It took me a long time to get to this point in my life. I tried to take this part of my life and put it in a box because it didn't fit with the life I thought I wanted, nor did it fit with the life others encouraged me to follow. I did have two teachers that tried to encourage me, but I was too young to appreciate or understand the compliments they gave me.
It wasn't until years later that I began to grasp just how good my writing could be. It wasn't that people told me my writing was great, it was because they told me they wanted more. More of characters mentioned only once, of an unfinished short story, or about a world I created. It was in this moment that I realized that I have a talent that I was ignoring.

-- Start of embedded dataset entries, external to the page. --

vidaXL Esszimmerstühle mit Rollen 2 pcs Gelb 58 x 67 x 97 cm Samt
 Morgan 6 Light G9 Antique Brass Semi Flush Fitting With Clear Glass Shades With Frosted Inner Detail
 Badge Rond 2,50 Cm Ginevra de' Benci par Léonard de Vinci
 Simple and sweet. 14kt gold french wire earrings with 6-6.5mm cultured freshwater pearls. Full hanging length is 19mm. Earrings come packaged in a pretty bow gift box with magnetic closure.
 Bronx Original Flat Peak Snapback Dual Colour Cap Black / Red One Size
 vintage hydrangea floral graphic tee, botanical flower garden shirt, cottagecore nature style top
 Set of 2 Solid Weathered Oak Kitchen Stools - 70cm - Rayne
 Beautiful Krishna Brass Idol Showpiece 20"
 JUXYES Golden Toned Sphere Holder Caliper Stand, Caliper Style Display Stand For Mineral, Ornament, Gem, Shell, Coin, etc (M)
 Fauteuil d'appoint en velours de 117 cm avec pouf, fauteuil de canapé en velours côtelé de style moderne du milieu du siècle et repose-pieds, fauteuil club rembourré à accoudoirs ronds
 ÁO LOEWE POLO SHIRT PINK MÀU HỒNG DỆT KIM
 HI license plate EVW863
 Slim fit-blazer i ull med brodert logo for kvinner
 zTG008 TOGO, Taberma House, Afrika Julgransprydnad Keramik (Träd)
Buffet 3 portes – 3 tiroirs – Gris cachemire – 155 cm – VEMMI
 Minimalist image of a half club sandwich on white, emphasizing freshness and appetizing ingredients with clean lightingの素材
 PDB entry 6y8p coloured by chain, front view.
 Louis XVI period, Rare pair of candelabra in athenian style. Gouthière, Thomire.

When I made the decision not just to become a creative writer but to pursue it, I felt something that I hadn't felt in a long time - whole. It might sound weird or cheesy, but it's true. By reconnecting with the writer in me, I found the missing piece of my soul. I felt empty for a long time and always attributed it to the loss of close friends and family members that I experienced in high school.
Sure, the loss of those people effected me greatly and a couple of them played a big role in who I am today, but the reason my soul was hurting and felt incomplete was because I had shut off a large part of my soul from myself. Now that it has been released, I feel whole, complete, and happy. I may not be published yet, but I am finally heading in the right direction. I am not just sitting on the edge waiting for my wings to grow and wondering if I'll ever fly, I am stretching them out and flapping, waiting for the wind to catch me!
I would like to know - What is your dream? Are you living it? If not, why not? How does that make you feel?